WHAT YOU SHOULD DO: Copy the listing as it is written, and leave each picture out.

PROVIDED MATERIAL:
»»

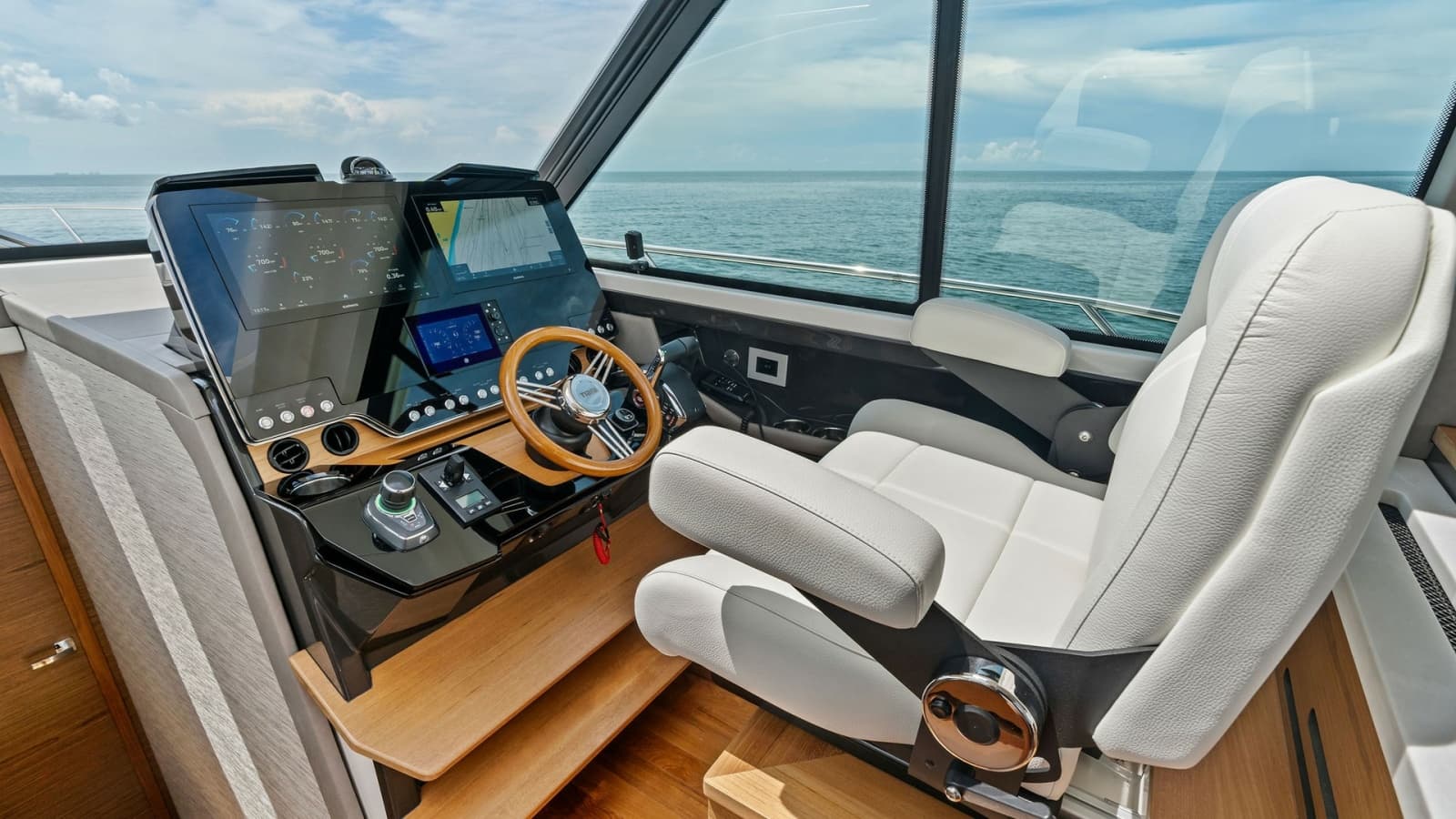 2025 Tiara Yachts 48LE - Photo 5
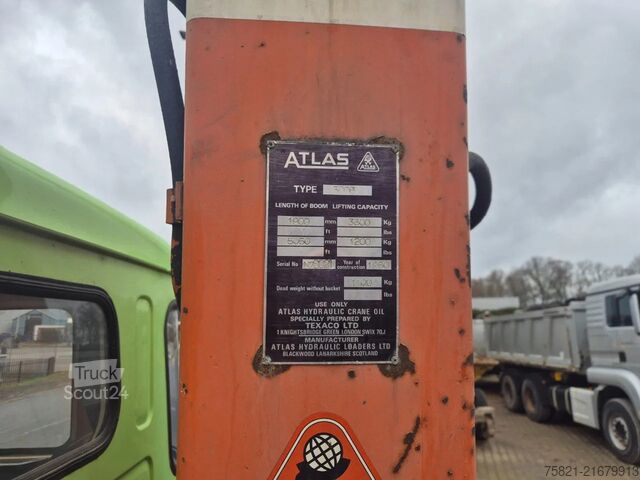 Kranwagen Scania LB81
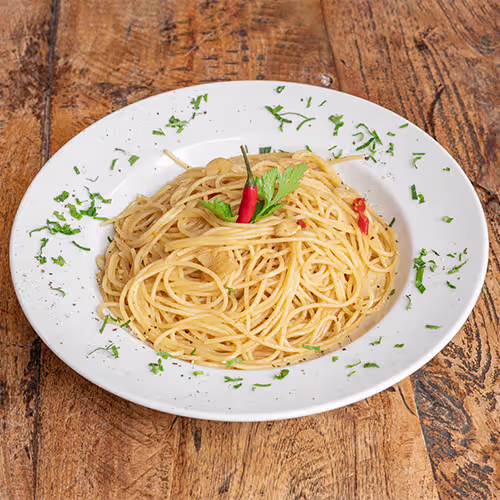Spaghetti all Aglio e Olio e Peperoncini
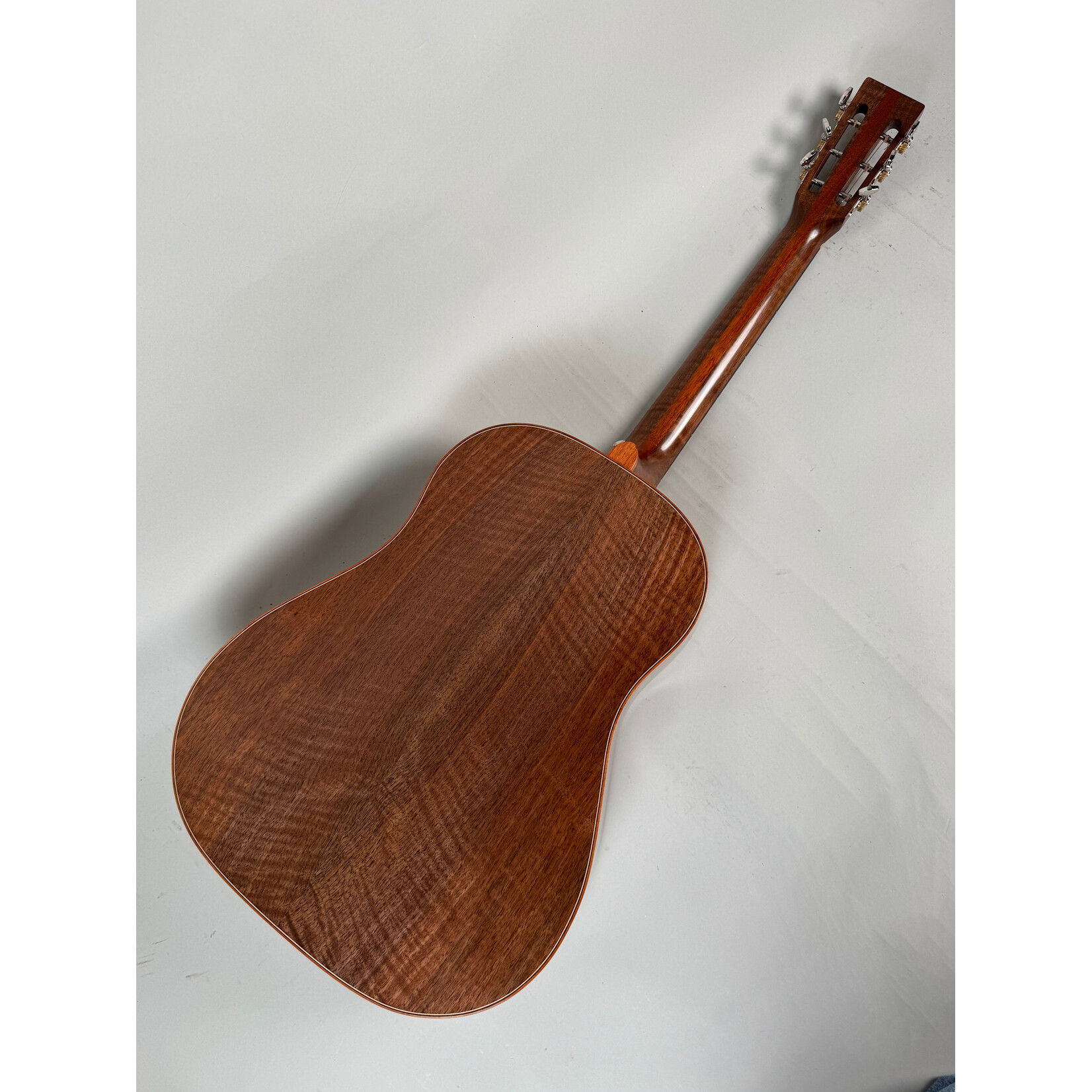 Gerald Curry Gerald Curry Walnut / Adirondack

««

FINAL ANSWER:
 2025 Tiara Yachts 48LE - Photo 5
 Kranwagen Scania LB81
Spaghetti all Aglio e Olio e Peperoncini
 Gerald Curry Gerald Curry Walnut / Adirondack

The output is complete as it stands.